Ela foi primeira-ministra pela primeira vez em 1996 e serviu por um mandato antes de retornar ao poder em 2008, governando o Bangladesh com seu partido Liga Awami até segunda-feira.
Organizações de direitos humanos alertaram que Hasina e seu governo estavam se encaminhando para um sistema de um partido, e os críticos expressaram preocupações com os aumentos nas denúncias de violência política, intimidação de eleitores e
Jovens que testemunharam seus pares serem baleados e mortos, impulsionados por perspectivas de emprego desoladoras e cansados da corrupção e repressão, não podiam ser detidos por toque de recolher, bloqueios de internet ou forças de segurança.
“Isso pode muito bem ser a primeira revolução bem-sucedida liderada pela Geração Z”, disse Sabrina Karim, professora associada de governo na Universidade Cornell, que se especializa no estudo da violência política.
A militares também podem ter desempenhado um papel na renúncia de Hasina.

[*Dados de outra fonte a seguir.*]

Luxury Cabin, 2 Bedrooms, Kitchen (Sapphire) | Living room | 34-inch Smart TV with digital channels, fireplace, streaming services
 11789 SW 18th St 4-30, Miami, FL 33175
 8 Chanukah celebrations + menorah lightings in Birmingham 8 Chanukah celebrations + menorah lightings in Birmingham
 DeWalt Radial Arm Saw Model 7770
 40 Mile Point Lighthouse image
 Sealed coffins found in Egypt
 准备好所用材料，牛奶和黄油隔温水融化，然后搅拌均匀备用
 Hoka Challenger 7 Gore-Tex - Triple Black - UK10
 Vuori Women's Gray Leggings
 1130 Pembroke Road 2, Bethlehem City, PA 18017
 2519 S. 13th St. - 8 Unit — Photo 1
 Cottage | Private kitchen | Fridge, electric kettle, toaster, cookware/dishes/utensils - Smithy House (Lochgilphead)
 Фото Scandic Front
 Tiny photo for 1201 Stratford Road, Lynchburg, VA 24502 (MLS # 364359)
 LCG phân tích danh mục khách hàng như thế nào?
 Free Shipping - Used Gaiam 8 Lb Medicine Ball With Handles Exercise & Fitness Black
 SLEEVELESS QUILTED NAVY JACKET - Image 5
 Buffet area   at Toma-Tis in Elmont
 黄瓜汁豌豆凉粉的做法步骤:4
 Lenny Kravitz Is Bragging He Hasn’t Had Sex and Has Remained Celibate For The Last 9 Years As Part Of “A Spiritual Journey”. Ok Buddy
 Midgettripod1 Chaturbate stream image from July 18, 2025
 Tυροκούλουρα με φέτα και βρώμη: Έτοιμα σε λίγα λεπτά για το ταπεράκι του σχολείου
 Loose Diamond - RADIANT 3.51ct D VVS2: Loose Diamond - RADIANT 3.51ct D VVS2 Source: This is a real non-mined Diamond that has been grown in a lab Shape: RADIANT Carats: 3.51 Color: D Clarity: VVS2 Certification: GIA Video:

Karim disse em declaração que “parece que as forças militares não estavam sempre unidas em apoio ao regime de Hasina”.
“Enquanto há muitas fotos e vídeos circulando de soldados usando força letal e atirando em manifestantes desarmados, alguns membros das forças militares pediram uma investigação liderada pela ONU sobre essas atrocidades”, ela disse. “Além disso, alguns membros das forças militares anunciaram ontem que não usariam força letal contra manifestantes que se reuniram na capital.”
O que vem a seguir?
Na terça-feira, o Bangladesh esperava a formação do governo interino e os organizadores dos protestos, os Estudantes Contra a Discriminação, disseram que se reuniriam com o chefe do exército do Bangladesh.
O líder estudantil Muhammad Nahid Islam disse que eles não tinham alcançado todos os seus objetivos, e após a renúncia de Hasina, o grupo queria “abolir os sistemas fascistas para sempre”. Os líderes dizem que não aceitarão um governo liderado ou apoiado pelo exército.
O grupo de protesto disse que o governo interino deveria ser liderado por Yunus, um empreendedor social e bancário que ganhou o Prêmio Nobel da Paz de 2006 por seu trabalho pioneiro em microfinanciamento que ajudou a aliviar a pobreza no Bangladesh.
“Demos nosso sangue, fomos mártires, e agora nossa visão de formar um novo Bangladesh terá que ser realizada”, disse o líder estudantil Islam.
Falando à CNN na segunda-feira, Yunus disse que queria ver o exército entregar o controle do país a um governo civil.
“As pessoas estão comemorando nas ruas e milhões e milhões de pessoas em todo o Bangladesh [estão] comemorando como se fosse nosso dia de libertação”, disse ele.
Enquanto a renúncia de Hasina foi comemorada, alguns bangladeshenses expressaram preocupação com o caminho à frente à medida que o país tenta preencher um vazio de liderança.
“Hasina pode ter ido embora, mas ainda há um longo caminho pela frente para o Bangladesh”, disse o estudante Faiza Chowdhury, de 25 anos, à CNN. “Até que nossas minorias religiosas e étnicas sejam protegidas e a justiça chegue a eles também, a nação não é livre”.
O manifestante Aftab estava desconfiado do exército mantendo o poder.
“Temos que nos lembrar dos últimos 15 anos, o exército não fez nada. Eles protegeram esse regime, então eles não podem apenas assumir o poder e se tornar os bons caras. Sabemos quem eles são e o que vão fazer”, disse ele.
Outros eram mais otimistas. Outro bangladeshense estudando em Nova York disse à CNN que “a Geração Z tornou tudo possível. Eles são o futuro do Bangladesh e podem criar um futuro melhor”.
Tanbirul Miraj Ripon em Dhaka e CNN’s Samra Zulfaqar, Isaac Yee, Teele Rebane, Lucas Lilieholm e Esha Mitra contribuíram com a reportagem.
Após a renúncia da primeira-ministra Sheikh Hasina, o mundo expressou interesse na situação política no Bangladesh, considerando-a um evento significativo na política asiática.
Os protestos em andamento no Bangladesh, iniciados por estudantes exigindo o fim do sistema de cotas do governo, atraíram atenção e apoio de pessoas de toda a Ásia e do mundo.